6/29/2012: Further Annotations I continued refining my annotations on non-literal language. After our discussion on Friday I felt like I had a better idea of which phrases were in which category. She asked me to look at another 10 leads for each category. I picked 10 more at random and annotated them with the categories I came up with. I did up refining and moving the categories around one last time based on the advice from Ani and my partners during the meeting. I had forgotten the name for one of the categories they had explained so I had labeled it the TR category. However, this category was meant to be phrasal verbs. I refreshed myself on the definition of a phrasal verb and then moved around the phrases accordingly. Surprisingly I had done a very good job at distinguishing them already. These leads turned the results away from what they originally had been. Originally the politics category looked like it would end up being the least likely to have non-literal language because they had a significantly greater leads that didn’t contain any non-literal language. When I annotated 10 more leads I found that the politics category evened out with the rest of the categories on this aspect. It seems more likely that amount of non-literal language doesn’t differ too much from category to category.

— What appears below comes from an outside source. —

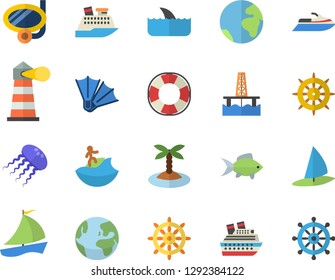 Color flat icon set fish flat vector, oil production platform, lighthouse, sailboat, earth fector, island, surfing, swimming mask, flippers, steering wheel, water scooter, lifebuoy, cruise ship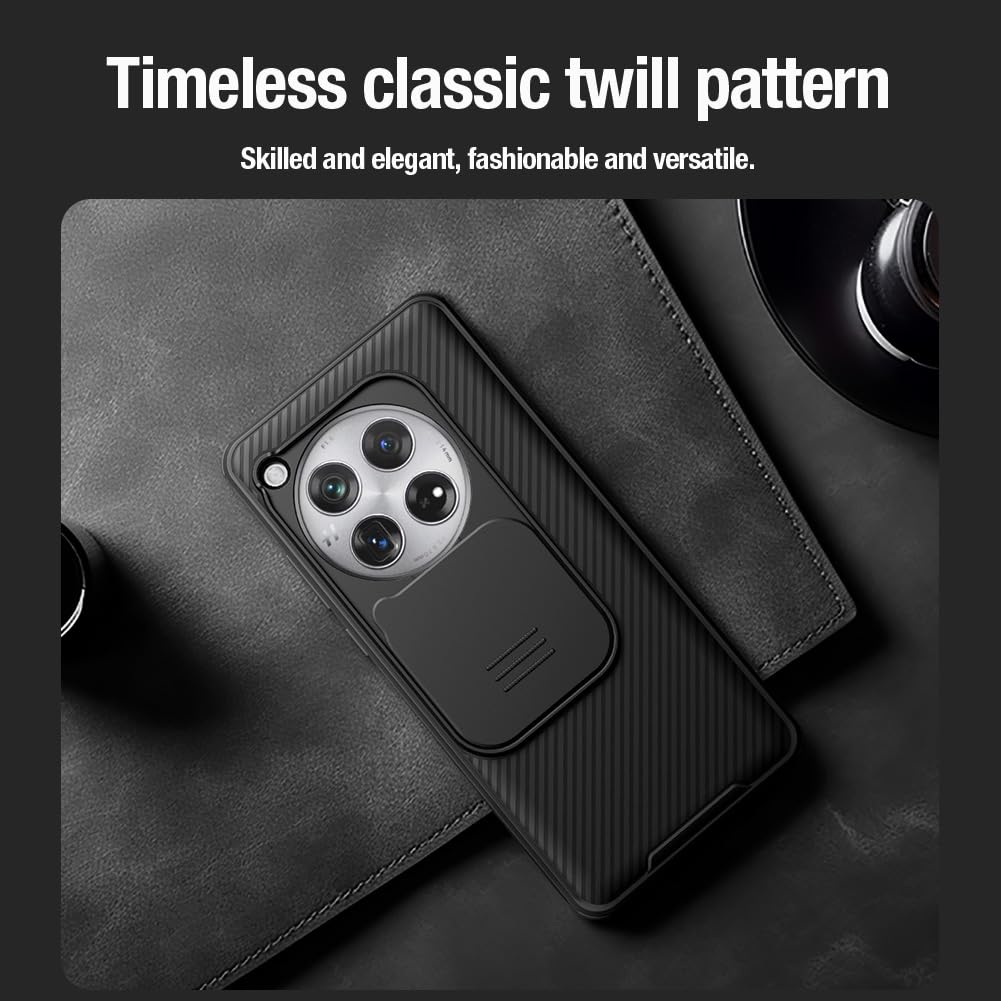 Nillkin Case for One Plus 12 (1+12) (6.82" Inch) CamShield Pro Slider Camera Close & Open Double Layered Protection TPU + PC Black Color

Moving on with this side project Ani wanted me to look into searching for these phrases throughout the entire corpus. She was interested in seeing how the phrases were different from sentence to sentence and also if there was a way to search for these non-literal phrases, including phrases with replaceable words inside. For instance, one of the phrases I found was “pull all Israeli settlers out” where “all Israeli settlers” is what will be replaced by other words in different sentences. I need to play around with trying to find ways to write a script that can search for that.
On another note, it seems we have enough data now to begin working on designing a survey or hit for Mechanical Turk. To start this process Ani asked us to think of questions that we wanted answered about the leads.
Additionally this week we are playing around with machine learning for educational purposes. We were given task of finding a feature or features that would help a computer classify an article into its correct category. Because this was a sort of eye opening experience for me I think I will give it its own entry.